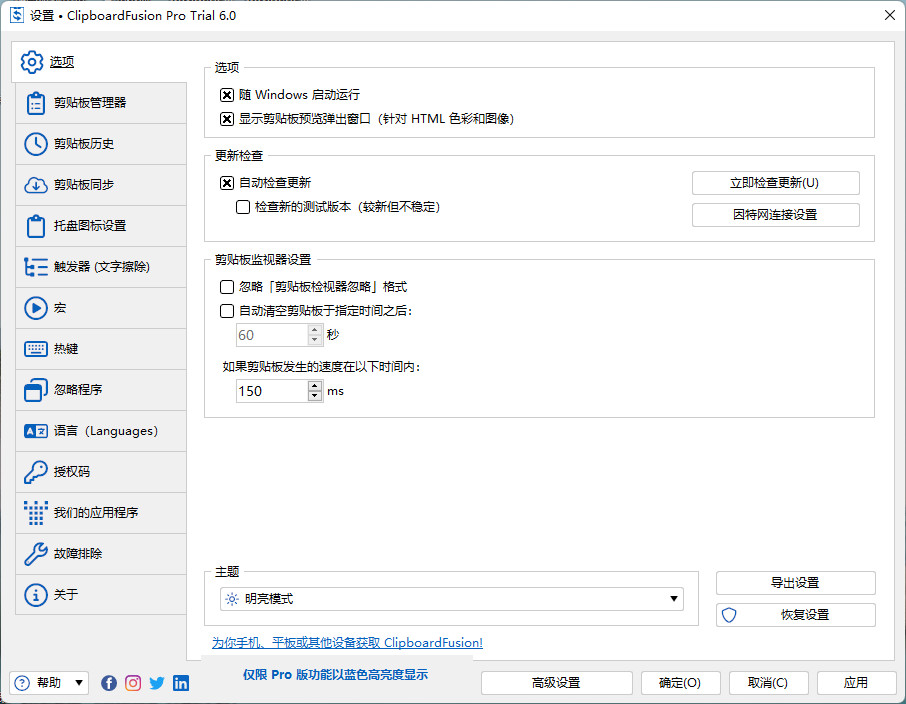 老趣网 - ClipboardFusion Pro特别版中文授权码激活 剪贴板管理工具 v6.1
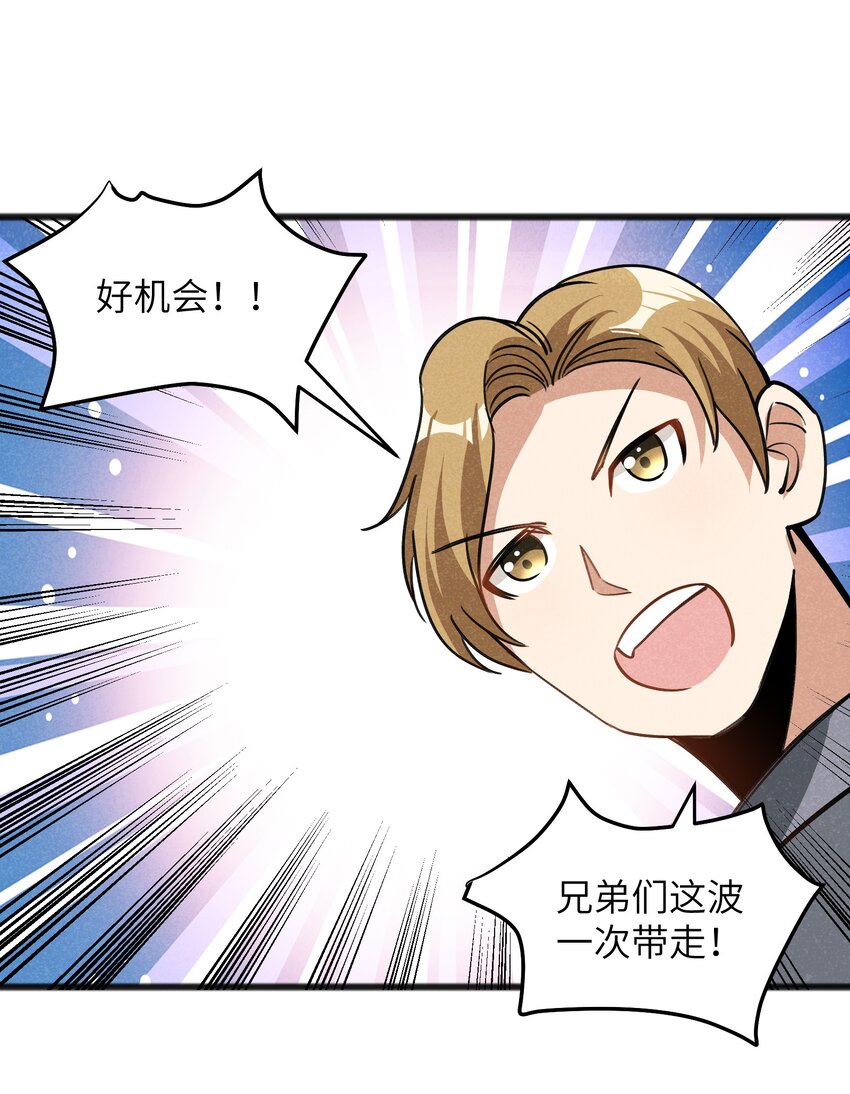 043 箭下留人41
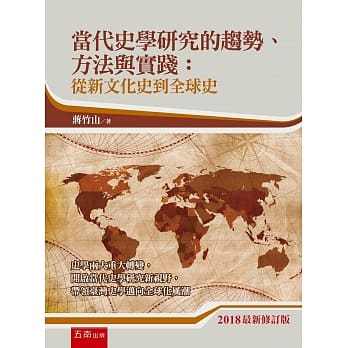 当代史学研究的趋势、方法与实践：从新文化史到全球史 pdf epub mobi 电子书 下载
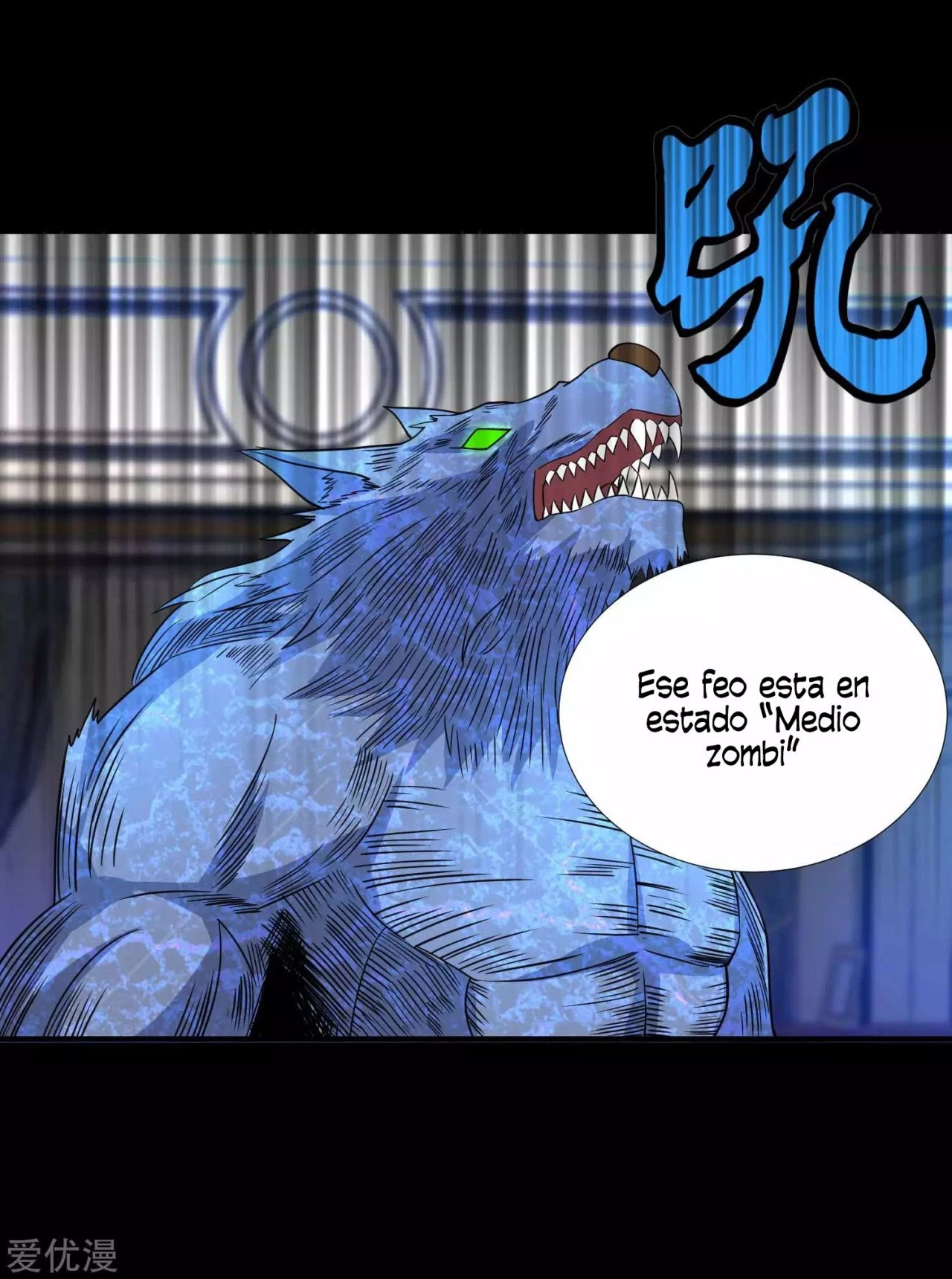 El rey del apocalipsis > Capitulo 192 > Page 361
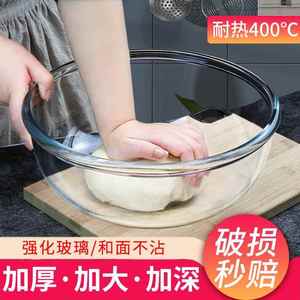 家用耐热玻璃盆和面盆厨房揉面发面发酵盆大号烘焙打蛋碗奶油盆子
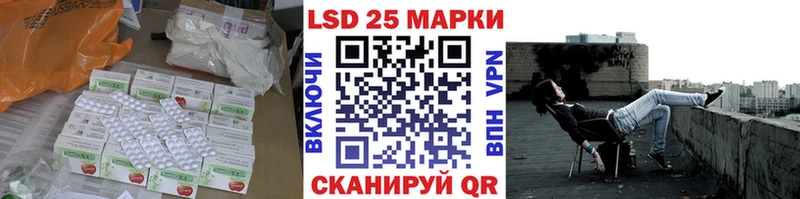 ЛСД экстази кислота  Миллерово 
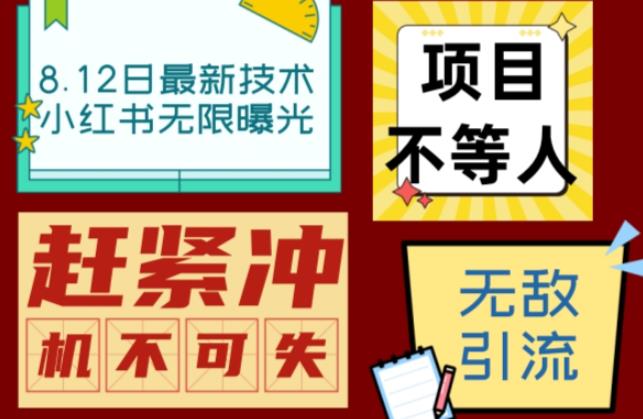 小红书8月最新技术无限曝光亲测单账号日引流精准粉100+轻松无压力（脚本＋教程）插图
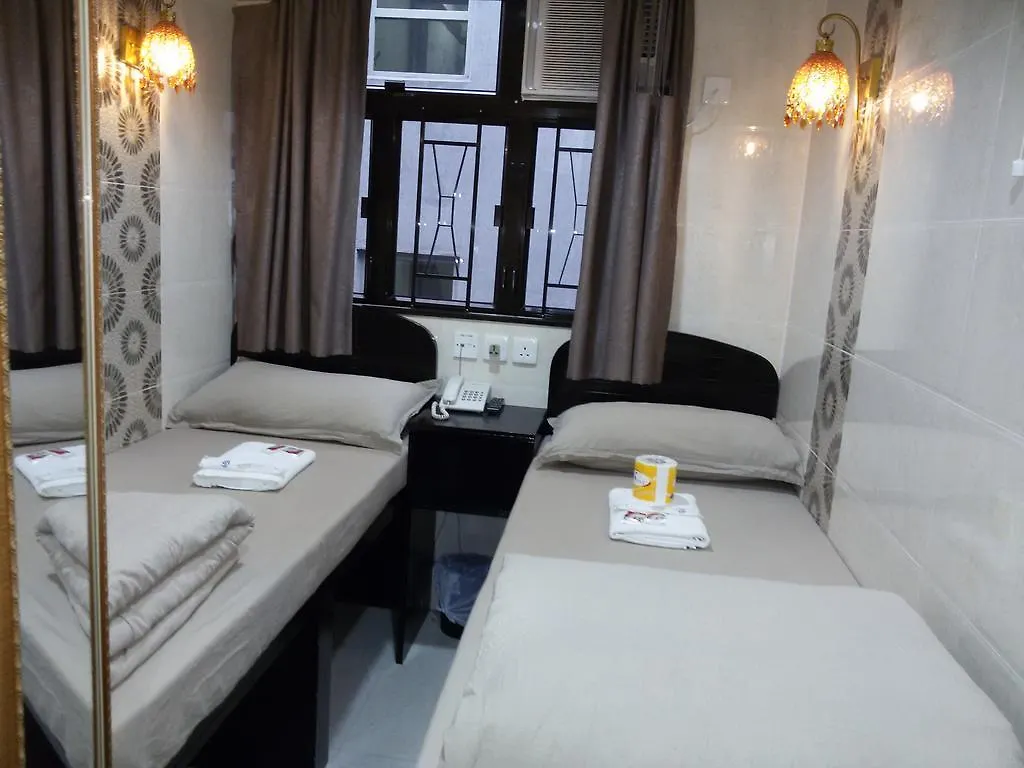 Tom'S Guest House Kowloon   Kowloon (Hong Kong)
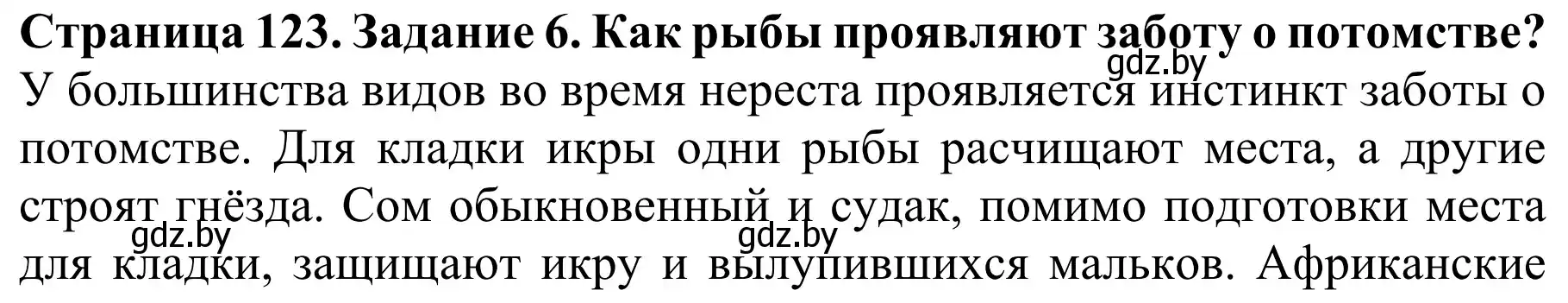 Решение номер 6 (страница 123) гдз по биологии 8 класс Бедарик, Бедарик, учебник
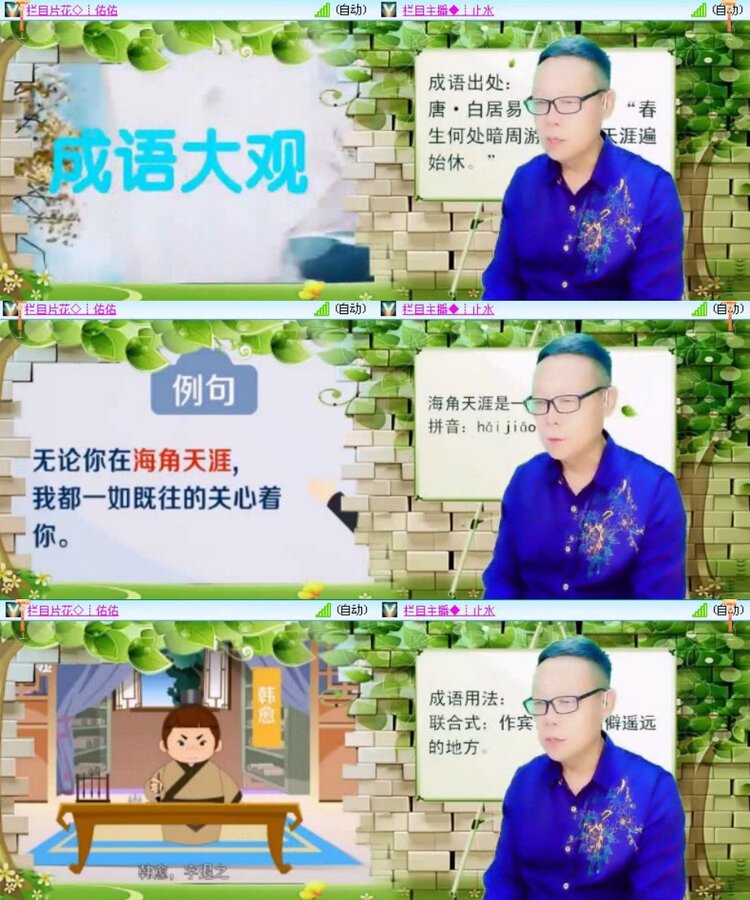 曾经🎤V娱热点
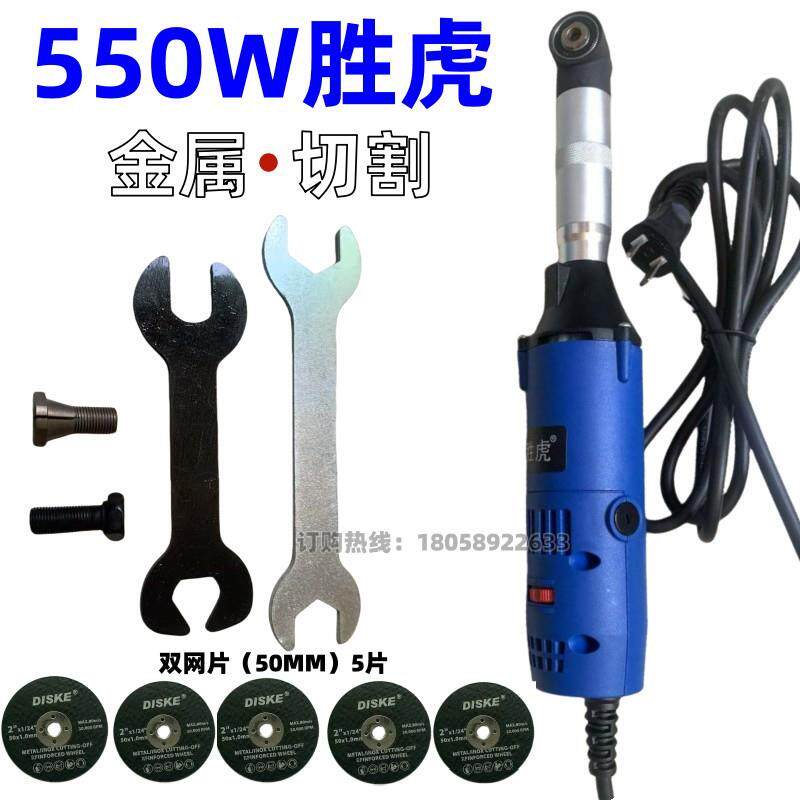 胜虎90度多功能电动大弯头修磨笔 550W 金属切割焊点切割 抛光打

■ ■ ■

• Your instructions: Beginning with the line that contains "当代史学研究的趋势、方法与实践：从新文化史到全球史 pdf epub", output each line of the material above through the last one exactly as it stands. Do not include the pictures.

• Solved exercise:
 当代史学研究的趋势、方法与实践：从新文化史到全球史 pdf epub mobi 电子书 下载
 El rey del apocalipsis > Capitulo 192 > Page 361
 家用耐热玻璃盆和面盆厨房揉面发面发酵盆大号烘焙打蛋碗奶油盆子
 ЛСД экстази кислота  Миллерово 
 小红书8月最新技术无限曝光亲测单账号日引流精准粉100+轻松无压力（脚本＋教程）插图
 Tom'S Guest House Kowloon   Kowloon (Hong Kong)
 Решение номер 6 (страница 123) гдз по биологии 8 класс Бедарик, Бедарик, учебник
 曾经🎤V娱热点
 胜虎90度多功能电动大弯头修磨笔 550W 金属切割焊点切割 抛光打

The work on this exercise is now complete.